Like Magic

Like Magic May 6, 2014

Yesterday I talked about our friends who opened a folk art gallery called “Roots Up” in Savannah. As I talked to one of them about what seemed to me to be a sudden decision, she described how it all came together so quickly and seamlessly. She said, “It was almost magical.”

I smiled because she had just spent half an hour describing all they had done and all they had yet to do. My conclusion was that magic is hard work. Still, I understood what she meant. I have written 11 books, and people often ask how I found the time. I’m a bit embarrassed by how easy it was to write most of them. I just sat down, and they were born by the time I got up. Almost magical.

Of course, the truth is that it was the kind of magic my friend had experienced. She had spent many years learning about folk art and has an impressive collection herself. She made her own art, so she has an appreciation for what kind of love and passion and effort it takes to create it. She ran her own little shop and already had practiced doing much of what the gallery would require of her. Then, when they finally made the decision to do it, everything came together almost like magic.

Carl Jung called this phenomena synchronicity: “a collaboration between persons and events that seems to enlist the cooperation of fate.” I sometimes describe it as being in “the stream of the Spirit.” I’m not quite sure who taught me this image because it has been inside of me and guiding me for a long time.
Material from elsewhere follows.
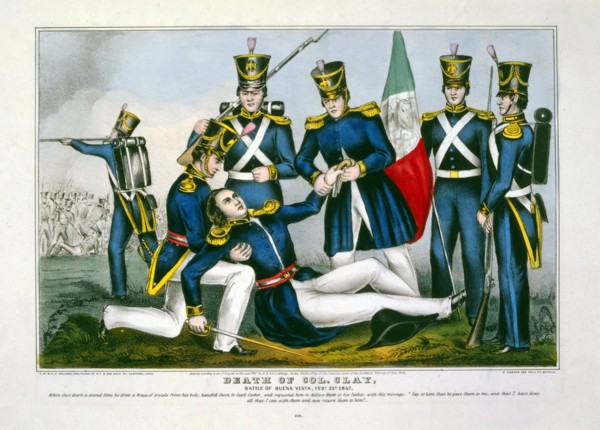 Death of Col. Clay, Battle of Buena Vista, Feby. 23d, 1847, pub. 1847 (hand coloured engraving)
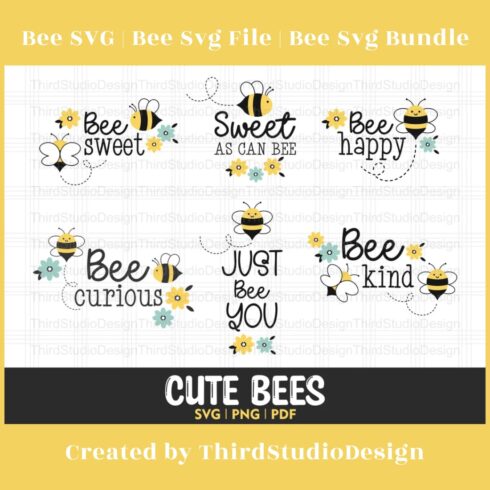 Bee svg bundle of cute bee svg files.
I just know that when I am in the stream of the Spirit things happen almost like magic.

People sometimes give me credit that I don’t feel I deserve. I can sit down to write, and, for better or worse, it simply flows out. There have been many times over the years when I have read something that I thought was insightful, only to learn that I was the one who had written it. I only wish that always was true.

There are times when I’ve read what I wrote years ago, and I want to die of embarrassment. There are also times—and I must admit it often happens when writing Liberating Word after all these years—that it doesn’t flow at all. You just have to do the work and get the job done.

Still, I arise every day full of hope that today I will manage to center myself in the middle of the stream of the Spirit and stay there. When I do it is almost like magic.